Gazi Üniversitesi Mühendislik Fakültesi Bilgisayar Mühendisliği Bölümü, Bölüm Başkanı Prof. Dr. Şeref Sağıroğlu ile Söyleşi


Gazi Üniversitesi Mühendislik Fakültesi Bilgisayar Mühendisliği Bölümü,

Bölüm Başkanı Prof. Dr. Şeref Sağıroğlu ile Söyleşi

Kişisel Verilerin Korunması Kanunu’nun yayımlanmasıyla birlikte, 50 milyona yakın Türk vatandaşının kimlik bilgilerinin çalınması ve herkesin erişimine açılması olayıyla ilgili, bu olayın arkasında kimlerin olabileceği, bu bilgilerin nasıl ve ne amaçla kullanılabileceği, vatandaşlarımızın bu konuda alması gereken tedbirler, kurum ve kuruluşların yapması gerekenler ve yayımlanan kanun kapsamında devletimizin uygulaması gereken çözüm önerileri hakkında bilinmesi gerekenleri; aynı zamanda Bilgi Güvenliği Derneği(BGD)’nin kurucu üyesi ve ilk başkanlarından olan değerli hocamız Prof.
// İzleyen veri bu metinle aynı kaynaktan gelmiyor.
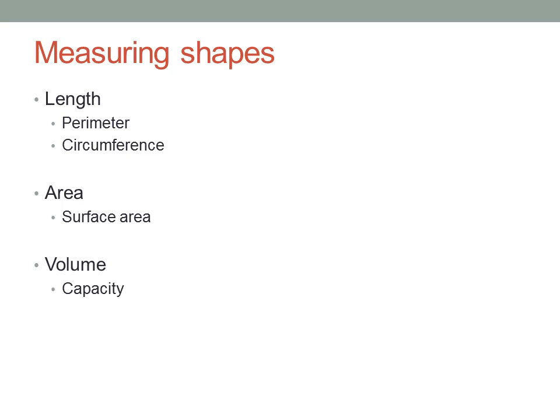Sometimes we'll talk about its capacity instead, which is the amount you can fit inside the solid. They're not quite the same concept, but we do sometimes use the words interchangeably.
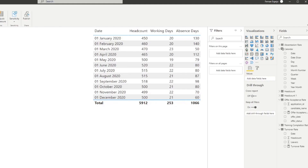The next metric to track is the absence rate, which lets you track how many working days were lost from different types of absences in your organization. At minimum you'll need the headcount (total active employees), the total available working days per month, and the number of absences taken in that month. We've conveniently aggregated all of this data in our table. The formula is: number of absence days divided by (total employees multiplied by working days).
Dr. Şeref Sağıroğlu ile konuştuk.

CyberMag: Öncelikle, böylesine önemli bir konuda bizleri ve kamuoyunu aydınlattığınız için teşekkür ederiz. Malumunuz, bir internet sitesinde 50 milyona yakın Türk vatandaşının kimlik bilgileri herkesin erişimine açıldı. Bu konudaki düşünceniz nedir?

Prof. Dr. Şeref Sağıroğlu: Ciddi ve hayati tüm işlemlerin T.C. kimlik numarası ile ilişkilendirilmesi veya bağlantılı olması sebebiyle tabii ki bu konu herkesi rahatsız edebilecek bir konudur. Farklı tehdit ve tehlikeleri beraberinde getirebilecek bir konudur. Daha dikkatli ve ciddiyetle ele alınması, dersler çıkarılması ve gerekli önlemlerin alınarak kamuoyu ile paylaşılması gereklidir.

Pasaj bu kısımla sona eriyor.